The sector’s growth has been “strong” and “steady,” GIIN said, with assets climbing 18% annually since 2013, when impact investments totaled $25.4 billion.
“The report illustrates that impact investing is a powerful movement driven by investors of all types who are effectively putting their capital towards solutions to issues in areas like conservation, education, and affordable housing,” said Amit Bouri, GIIN co-founder and CEO.
Private debt has remained by far the favored instrument for impact investing, representing $15.9 billion of total assets.
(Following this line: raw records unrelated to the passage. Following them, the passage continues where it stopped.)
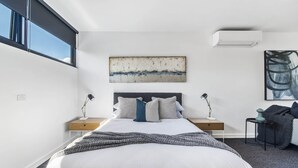 Una camera da letto moderna con un letto grande, due comodini con lampade, un condizionatore d'aria a muro e un grande quadro astratto.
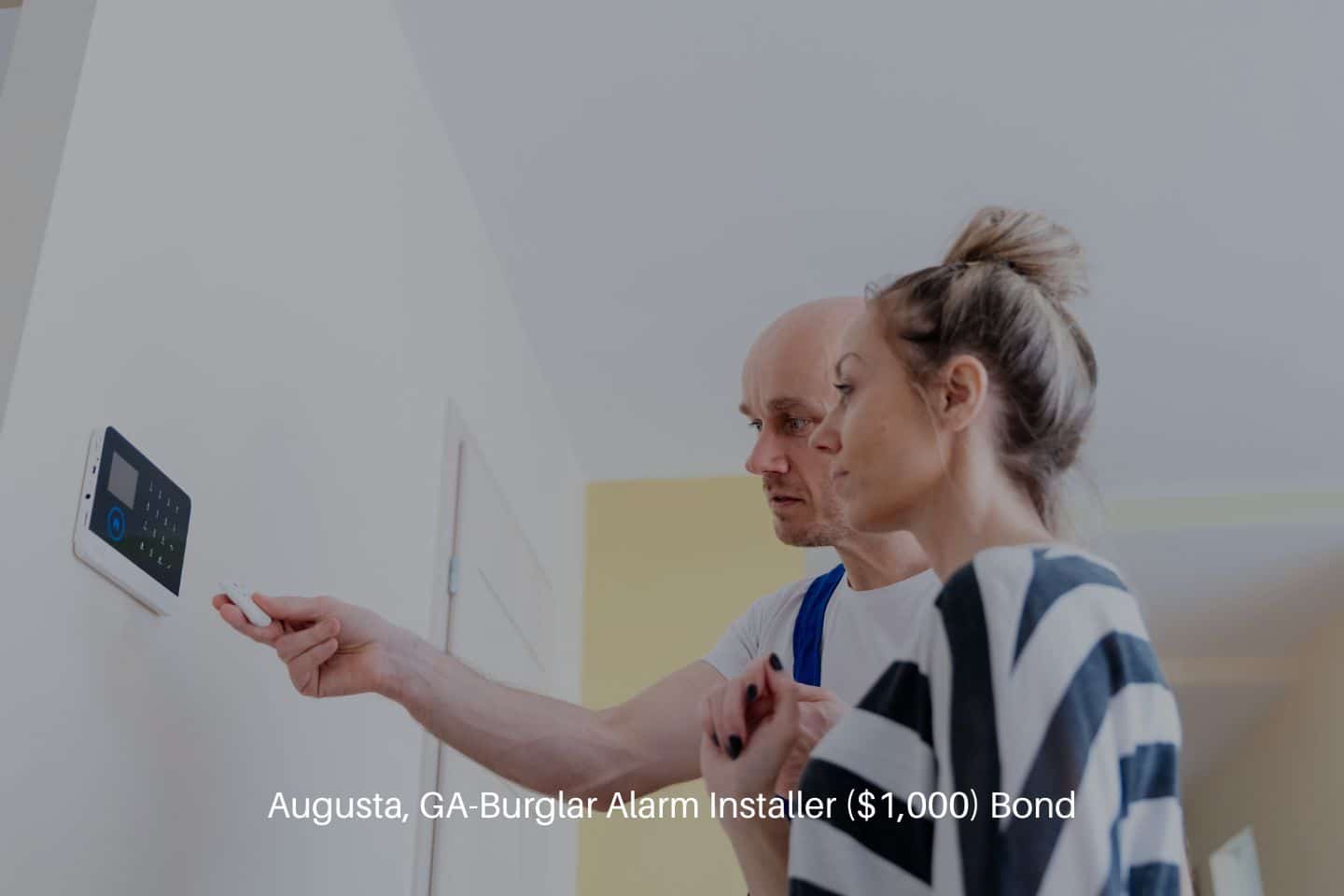 Augusta, GA-Burglar Alarm Installer ($1,000) Bond - An alarm fitter installs an alarm at home. Protection against burglars.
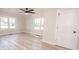 Spacious bedroom with hardwood flooring, neutral walls, and two windows for natural light at 451 S Strand Dr, Norwood, NC 28128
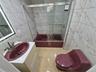 Full bath with tile walls, shower / bath combination with glass door, and vanity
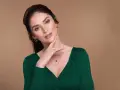 Elegancka kobieta w zielonej sukience prezentuje błyszczące kolczyki i naszyjnik z zielonymi kamieniami. Idealne dodatki do zielonej sukienki.
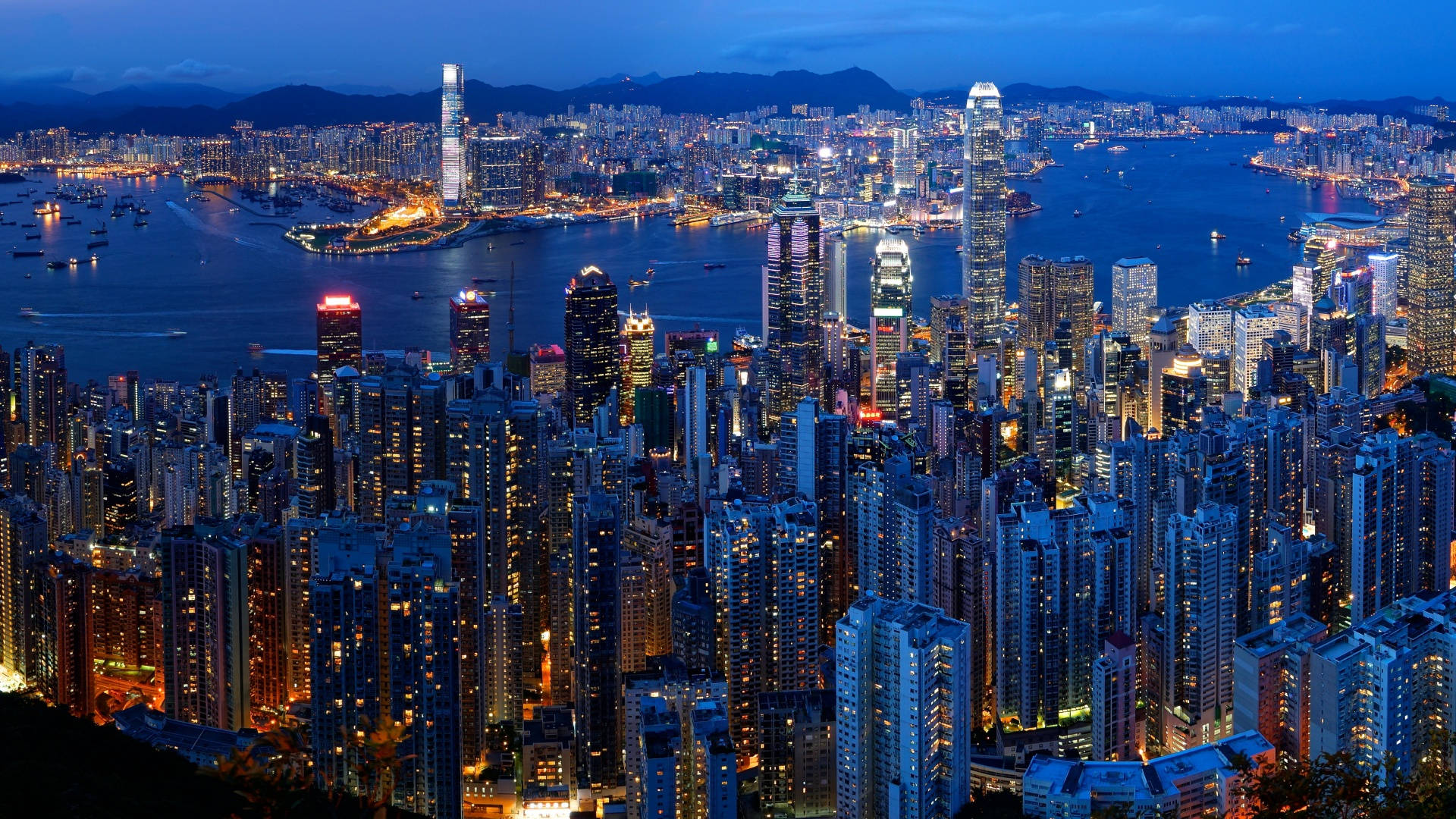 黃昏時分的香港城市景觀，燈火通明的摩天大樓與港灣水面。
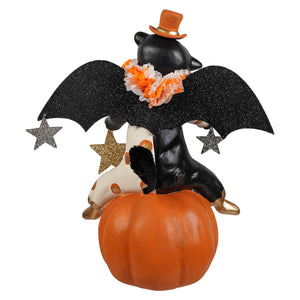 A black bat figurine with glittery wings and an orange hat on a bright jack o lantern pumpkin for bethany lowe halloween decor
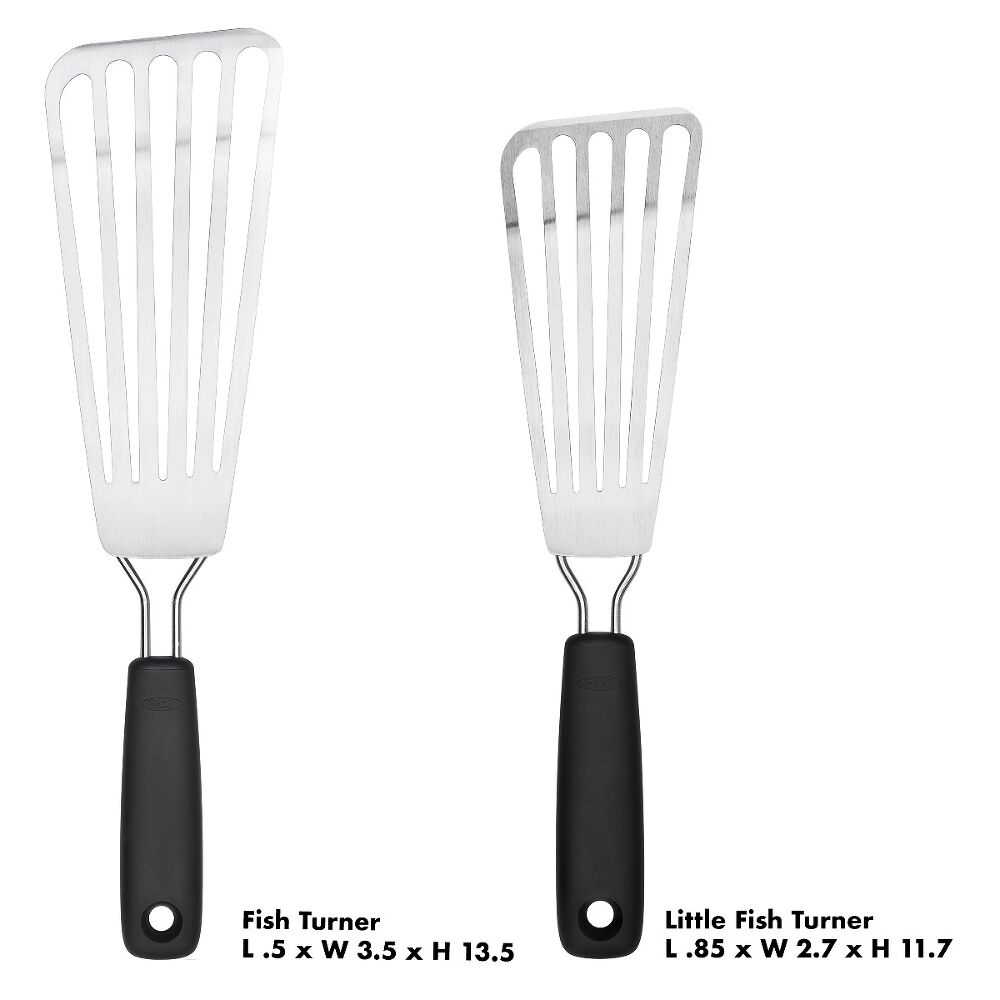 Oxo Little Fish Turner with black handle and slotted stainless steel head, shown next to larger fish turner.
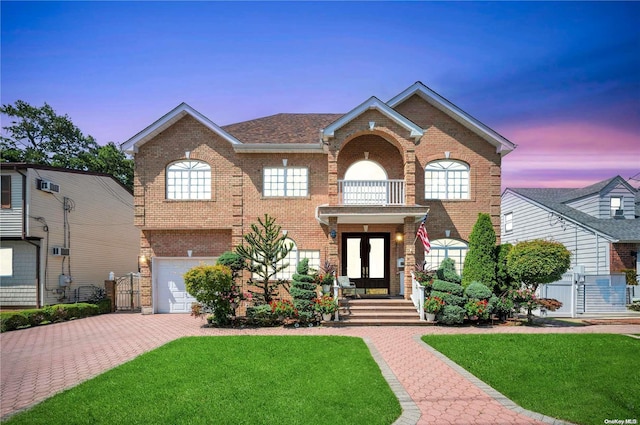 view of front of property featuring a lawn, a balcony, and a garage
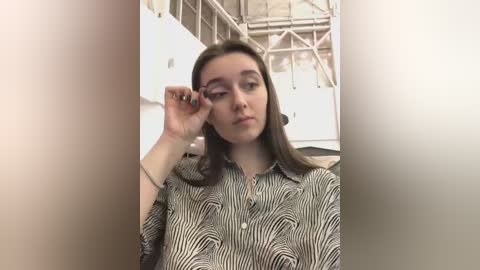 Media: Video of a young woman with straight brown hair, wearing a black-and-white striped shirt, adjusting her glasses indoors with industrial background.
However, last year also saw a “notable” increase in allocations via public equities and real assets.
Investors surveyed by GIIN largely said they expected impact investments to achieve risk-adjusted returns equivalent to the market rate, though some (21%) were satisfied with returns in line with capital preservation.
Overall, investors were pleased with the investment performance of their commitments, with 15% citing outperformance and 70% reporting returns in line with expectations.
Challenges still remain in the sector, most prominently a lack of appropriate capital across the risk/return spectrum, shortage of high-quality investment opportunities with track records, and difficulty exiting investments, according to survey respondents.
However, some investors said they saw “significant progress” last year in these and other areas, including the availability of research and data and the level of government support for the market.
“The positive trends support that investors are increasingly bullish about the use of capital to address social and environmental challenges,” Bouri said. “We are confident this trend will continue.”